Click here to buy Nietzsche's Philosophy of History.

See also Jennifer Ratner-Rosenhagen's American Nietzsche: A History of an Icon and His Ideas.

History, Heritage & Tradition in Contemporary British Politics, by Emily Robinson

Book description from Amazon:

History, heritage and tradition in contemporary British politics explores the use of the past in modern British politics. It examines party political perspectives on British history and the historical process and also looks at the ways in which memory is instituted within the parties in practice, through archives, written histories and commemorations.
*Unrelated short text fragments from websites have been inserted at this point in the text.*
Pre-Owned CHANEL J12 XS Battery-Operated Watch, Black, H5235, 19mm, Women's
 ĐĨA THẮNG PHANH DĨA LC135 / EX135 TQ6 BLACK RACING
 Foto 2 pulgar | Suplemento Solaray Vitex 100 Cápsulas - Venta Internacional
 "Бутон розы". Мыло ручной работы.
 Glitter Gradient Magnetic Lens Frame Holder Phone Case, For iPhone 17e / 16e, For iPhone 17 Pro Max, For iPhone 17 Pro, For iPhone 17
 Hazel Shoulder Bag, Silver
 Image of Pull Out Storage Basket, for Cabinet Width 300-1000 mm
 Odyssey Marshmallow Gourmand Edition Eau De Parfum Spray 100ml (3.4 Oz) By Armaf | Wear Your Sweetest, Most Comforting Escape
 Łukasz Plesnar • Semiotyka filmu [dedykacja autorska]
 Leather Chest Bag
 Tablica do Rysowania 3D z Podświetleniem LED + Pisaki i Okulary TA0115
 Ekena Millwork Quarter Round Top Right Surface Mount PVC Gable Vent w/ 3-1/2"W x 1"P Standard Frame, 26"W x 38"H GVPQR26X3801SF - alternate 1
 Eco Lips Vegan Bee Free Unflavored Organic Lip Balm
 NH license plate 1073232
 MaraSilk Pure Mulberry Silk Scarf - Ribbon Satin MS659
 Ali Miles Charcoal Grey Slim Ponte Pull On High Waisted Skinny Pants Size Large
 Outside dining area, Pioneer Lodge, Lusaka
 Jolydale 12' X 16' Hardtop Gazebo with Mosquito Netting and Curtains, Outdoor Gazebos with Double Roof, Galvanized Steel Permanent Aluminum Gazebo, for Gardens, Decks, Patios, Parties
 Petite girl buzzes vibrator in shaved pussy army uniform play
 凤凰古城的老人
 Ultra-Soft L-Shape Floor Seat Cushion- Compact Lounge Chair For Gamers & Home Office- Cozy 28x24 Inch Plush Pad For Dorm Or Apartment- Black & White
It focuses in particular on a number of explicit negotiations over historical narratives: the creation of the National Curriculum for History, Conservative attempts to re-assess their historical role in 1997, the assertion of a 'lost' social democratic tradition by the SDP and New Labour and the collapse of the Communist Party of Great Britain's narrative memory in 1988-91. These episodes are examined as a process of negotiation between grassroots members and party leaders in which understandings of the past determined the options for the future. This book fuses scholarship on British political parties' collective memory, historical theory and heritage studies. It traces the decline of ideologically distinct approaches to history and argues that although the political past is no longer seen to make demands on the present- either of conservative duty or radical obligation- this is in line with wider social attitudes which see the past as an affirmation of the present, rather than as a legacy which can be honoured or betrayed. It shows how history, heritage and tradition are used to present parliamentary politics as intrinsically 'historic' and suggests that the disappearance of active political pasts leaves contemporary politicians unable to speak of radically different futures.